:: Exercise brief ::
Your answer should be the lines below from the one holding "From left, Canada&#39;s" through the one holding "a sign for a", copied exactly and with nothing else.

(Web page caption snippets)
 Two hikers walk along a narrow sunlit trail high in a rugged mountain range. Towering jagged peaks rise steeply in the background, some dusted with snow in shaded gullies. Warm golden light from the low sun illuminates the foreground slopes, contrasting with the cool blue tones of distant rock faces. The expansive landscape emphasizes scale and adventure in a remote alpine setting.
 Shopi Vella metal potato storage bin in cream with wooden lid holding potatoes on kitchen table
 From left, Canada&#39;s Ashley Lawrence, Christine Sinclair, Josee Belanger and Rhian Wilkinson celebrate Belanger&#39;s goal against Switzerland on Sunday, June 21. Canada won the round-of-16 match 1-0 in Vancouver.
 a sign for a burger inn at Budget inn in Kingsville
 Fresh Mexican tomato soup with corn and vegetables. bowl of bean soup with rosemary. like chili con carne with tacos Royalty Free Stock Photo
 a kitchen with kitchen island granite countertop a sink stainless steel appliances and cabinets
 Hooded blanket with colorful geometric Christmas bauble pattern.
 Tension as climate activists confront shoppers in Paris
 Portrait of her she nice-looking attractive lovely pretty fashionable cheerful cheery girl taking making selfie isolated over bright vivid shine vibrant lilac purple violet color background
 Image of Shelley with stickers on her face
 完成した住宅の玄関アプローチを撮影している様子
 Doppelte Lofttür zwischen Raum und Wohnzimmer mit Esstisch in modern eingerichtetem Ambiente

:: Answer for the task ::
 From left, Canada&#39;s Ashley Lawrence, Christine Sinclair, Josee Belanger and Rhian Wilkinson celebrate Belanger&#39;s goal against Switzerland on Sunday, June 21. Canada won the round-of-16 match 1-0 in Vancouver.
 a sign for a burger inn at Budget inn in Kingsville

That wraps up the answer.